Grip-Hold: Set to stream to tell Fanout to deliver the headers of the response to the client immediately, and then deliver messages as they are published to subscribed channels.
Grip-Channel: A channel to subscribe the request to. Multiple Grip-Channel headers may be specified in the response, to subscribe multiple channels to the request.
Grip-Keep-Alive: Data to be sent to the client after a certain amount of activity passes. The timeout parameter specifies the length of time a request must be idle before the keep alive data is sent (default 55 seconds). The format parameter specifies the format of the keep alive data. Allowed values are raw, cstring, and base64 (default raw). For example, if a newline character should be sent to the client after 20 seconds of inactivity, the following header could be used: Grip-Keep-Alive: \n; format=cstring; timeout=20.
Messages to be published to a client in a Grip-Hold: stream state must have an http-stream format available.

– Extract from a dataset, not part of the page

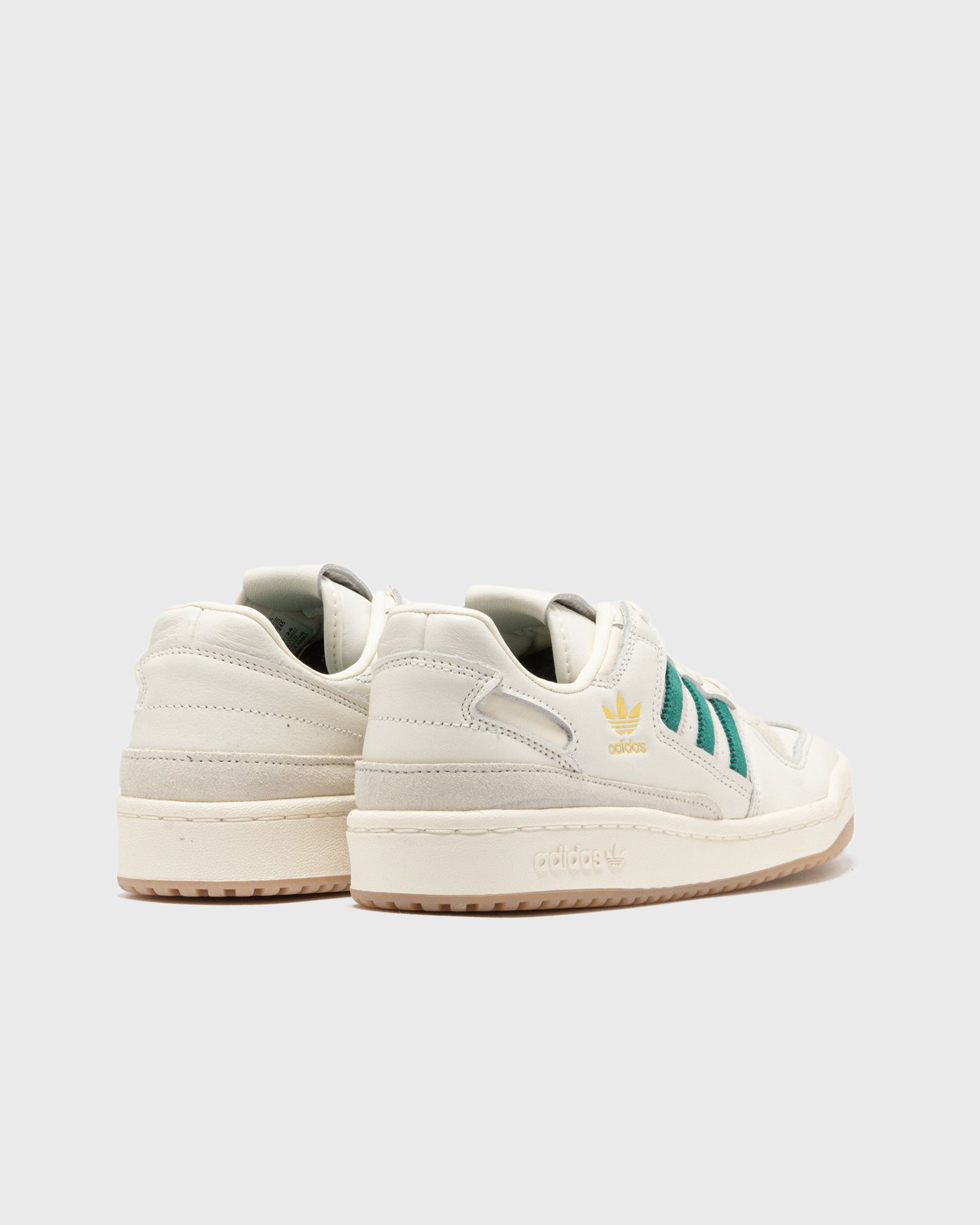 WMNS FORUM LOW CL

Learn more about publishing.
Compliant Server-sent events clients (such as the EventSource API built into web browsers) will send a Last-Event-ID header with new connection requests. If you care about ensuring clients do not miss events during reconnects, consider parsing this header and including missed events in the initial response along with the Grip-Hold header, allowing subsequent events provided via the publishing API to be appended by Fanout later to the same response.

Validating GRIP requests

If the backend is running on a public server, then it's a good idea to validate that the request is coming from Fastly. The Grip-Sig header value can be used to do this. Grip-Sig is provided as a JSON Web Token, and tokens signed by Fastly can be validated using the following public key. If the token cannot be fully verified for any reason, including expiration, then the backend should behave as if the header wasn't present.

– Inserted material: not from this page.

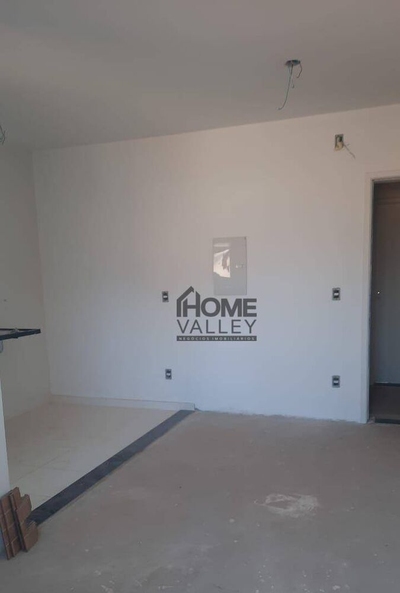 Apartamento, 2 quartos, 58 m² - Foto 4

This is the public key we use for signing GRIP requests:

-----BEGIN PUBLIC KEY-----
MFkwEwYHKoZIzj0CAQYIKoZIzj0DAQcDQgAECKo5A1ebyFcnmVV8SE5On+8G81Jy
BjSvcrx4VLetWCjuDAmppTo3xM/zz763COTCgHfp/6lPdCyYjjqc+GM7sw==
-----END PUBLIC KEY-----

Many language ecosystems provide libraries for validating JWTs. If your backend uses JavaScript, for example, the jsonwebtoken module can be used:

import * as jwt from 'jsonwebtoken';
const FANOUT_PUBLIC_KEY = `-----BEGIN PUB...`;

// Assuming ExpressJS or similar
app.get('/chat-stream/:user', (req, res) => {
  jwt.verify(req.header('Grip-Sig'), FANOUT_PUBLIC_KEY);
});

NOTE: If your backend is running on JavaScript on Fastly Compute, the runtime does not support PEM-formatted keys at this time. Use the equivalent JSON Web Key (JWK) format instead:
const FANOUT_PUBLIC_KEY = {
  "kty": "EC",
  "crv": "P-256",
  "x": "CKo5A1ebyFcnmVV8SE5On-8G81JyBjSvcrx4VLetWCg",
  "y": "7gwJqaU6N8TP88--twjkwoB36f-pT3QsmI46nPhjO7M"
};
You can import this key and then use it with a library such as jose to validate a JWT:
import * as jose from 'jose';

const cryptoKey = await crypto.subtle.importKey(
  'jwk', FANOUT_PUBLIC_KEY, { name: 'ECDSA', namedCurve: 'P-256' },
  false, ['verify']);
const result = await jose.jwtVerify(req.headers.get('Grip-Sig'), cryptoKey);

Using Fastly as a Fanout backend

The Rust-based quick start above uses a single Compute service as both a normal Fastly service that receives end-user traffic, and also as the backend used by Fanout to negotiate streams. This is achieved by adding a backend called self to the Compute service using the public domain of the service, and then passing that backend name in the handoff_fanout call. You could also use another, different Compute service as the Fanout backend.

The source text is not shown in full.